Review copy courtesy of Tin House Books.

Review copy courtesy of Tin House Books.

Michaels merely brushes against these questions, in a manner that seems more puzzling than provocative. Early in the novel, Lev recognizes that his electromagnetic instrument, the theremin, has the capacity to bring music, formerly the domain of the elite, to the people, thereby aligning his invention with the Communist cause:

Around the world millions of workers who are fascinated by music are demoralized by the challenges of traditional instruments […] Because it trusts the worker’s own senses, not the knowledge locked away in the lessons and textbooks of the elites, the theremin becomes a revolutionary device – a leveling of the means of musical production.

This recognition could have served as fertile ground for a meditation upon the role of traditional music-making in a mechanized world, stimulating the reader to ask herself whether art should be a lifelong pursuit – the realm of single-minded geniuses – or a level playing field, accessible to all in their spare time.

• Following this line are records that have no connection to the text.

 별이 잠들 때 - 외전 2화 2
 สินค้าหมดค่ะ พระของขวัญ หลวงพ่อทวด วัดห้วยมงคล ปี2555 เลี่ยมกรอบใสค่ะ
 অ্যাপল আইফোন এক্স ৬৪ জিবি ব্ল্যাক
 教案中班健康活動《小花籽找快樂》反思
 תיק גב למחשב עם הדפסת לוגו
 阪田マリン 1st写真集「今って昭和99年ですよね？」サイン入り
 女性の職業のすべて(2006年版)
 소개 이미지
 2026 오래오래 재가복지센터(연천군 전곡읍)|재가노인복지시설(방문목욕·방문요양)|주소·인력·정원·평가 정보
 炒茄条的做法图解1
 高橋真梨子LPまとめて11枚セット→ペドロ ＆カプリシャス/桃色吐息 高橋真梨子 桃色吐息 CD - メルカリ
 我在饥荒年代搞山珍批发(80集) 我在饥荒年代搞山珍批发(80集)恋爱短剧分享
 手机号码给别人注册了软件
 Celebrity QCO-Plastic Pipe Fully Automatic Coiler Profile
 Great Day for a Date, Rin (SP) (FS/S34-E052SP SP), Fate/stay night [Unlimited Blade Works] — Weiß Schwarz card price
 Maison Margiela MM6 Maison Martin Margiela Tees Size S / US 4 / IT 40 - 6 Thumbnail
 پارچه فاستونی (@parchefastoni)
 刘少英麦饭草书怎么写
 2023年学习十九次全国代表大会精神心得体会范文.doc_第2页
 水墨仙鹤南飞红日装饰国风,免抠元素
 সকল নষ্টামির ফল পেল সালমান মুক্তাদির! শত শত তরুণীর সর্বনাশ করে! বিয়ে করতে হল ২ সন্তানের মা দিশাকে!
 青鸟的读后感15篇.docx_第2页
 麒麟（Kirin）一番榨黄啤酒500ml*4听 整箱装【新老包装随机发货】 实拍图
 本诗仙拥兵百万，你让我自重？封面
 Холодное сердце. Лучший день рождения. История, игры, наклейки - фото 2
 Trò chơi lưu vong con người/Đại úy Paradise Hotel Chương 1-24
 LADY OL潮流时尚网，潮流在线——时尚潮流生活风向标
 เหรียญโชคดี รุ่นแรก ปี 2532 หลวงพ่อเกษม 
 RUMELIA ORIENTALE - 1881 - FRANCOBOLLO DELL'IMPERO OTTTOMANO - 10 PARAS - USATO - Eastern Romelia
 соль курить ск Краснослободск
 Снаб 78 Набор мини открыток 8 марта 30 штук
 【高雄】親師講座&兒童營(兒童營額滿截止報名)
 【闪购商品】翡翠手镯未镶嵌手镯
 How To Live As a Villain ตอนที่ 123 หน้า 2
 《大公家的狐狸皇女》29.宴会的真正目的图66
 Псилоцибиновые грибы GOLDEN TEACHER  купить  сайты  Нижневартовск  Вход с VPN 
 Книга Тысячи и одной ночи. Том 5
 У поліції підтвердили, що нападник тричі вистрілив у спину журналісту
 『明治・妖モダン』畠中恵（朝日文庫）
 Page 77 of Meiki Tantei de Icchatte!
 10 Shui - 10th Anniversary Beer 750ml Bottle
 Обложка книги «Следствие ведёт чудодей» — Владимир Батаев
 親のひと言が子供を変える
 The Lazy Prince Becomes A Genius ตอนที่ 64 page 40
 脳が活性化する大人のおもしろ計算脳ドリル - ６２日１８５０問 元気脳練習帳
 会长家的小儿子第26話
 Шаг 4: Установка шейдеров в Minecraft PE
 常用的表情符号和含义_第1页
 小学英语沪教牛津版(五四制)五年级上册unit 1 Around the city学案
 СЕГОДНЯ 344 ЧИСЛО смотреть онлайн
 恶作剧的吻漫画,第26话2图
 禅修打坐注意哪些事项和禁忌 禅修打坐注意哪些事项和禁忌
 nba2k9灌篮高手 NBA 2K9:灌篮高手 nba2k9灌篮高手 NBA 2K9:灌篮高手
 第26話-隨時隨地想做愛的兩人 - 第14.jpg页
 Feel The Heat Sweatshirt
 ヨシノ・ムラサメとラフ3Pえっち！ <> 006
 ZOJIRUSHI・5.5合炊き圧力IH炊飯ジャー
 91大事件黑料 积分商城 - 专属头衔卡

But this is the only place in which the novel even ventures into this subject, and as soon as the assertion is made, the narrative quickly changes course and rushes on through other more mundane events. It is as if the novel is concerned with hitting the highlights of the true story, with checking off each item on the real Termen’s CV, leaving little space to dwell upon the implications of those events. Even Lev himself, who is narrating the story, seems disinclined to reflect upon these matters, often contradicting himself later in the novel. For example, his emphasis upon the amount of patience, skill and dedication it takes to master the theremin (as well as the exclusivity of his concerts for the American aristocracy) seems to run counter to his earlier idea of this mass-produced instrument as a tool in the people’s struggle. His fall back to the traditional model of virtuosic inspiration is never explored, for instance as an admission that the instrument did not live up to his hopes for it, and the reader is left grasping.

Without this kind of reflection on deeper questions, the character of Lev falls flat among a cast of flat characters. The historical figures sprinkled throughout the story – Gershwin, Rachmaninoff, Toscanini, Ravel, Chaplin, and Valéry, to name a few – seem to amount to mere name-dropping. Even the love interest, Clara Rockmore, the person to whom the entire narrative is addressed, is a rather vague and lifeless personage, her motives and Lev’s attraction to her only superficially explored.

The prose contains moments of pure poetry tucked into some dense and rather tangled paragraphs. Wading through the forced similes piled one on top of another can be exhausting, but once uncovered, these musical passages soar, revealing a vivid imagination and passion for language. Passages such as:

Here I am an idle man in a cabin, writing stories on this typewriter. Leaving rows of sentences, months passing in ellipses… I do not know what forces are in play. I do not see the looming icebergs, the coming storms. Sometimes I wake in the night and I wonder if we are sinking. It would be a long time before I would know that we were sinking. You can become a dead man before you know what you are.

All of which builds to a satisfying finish for the novel as a whole. Thus, despite the imprecision of the prose, its lyricism gives us cause to hope this debut author will continue to hone his craft, producing, in years to come, works of powerful imagery, exquisite language and deft penetration of the human condition.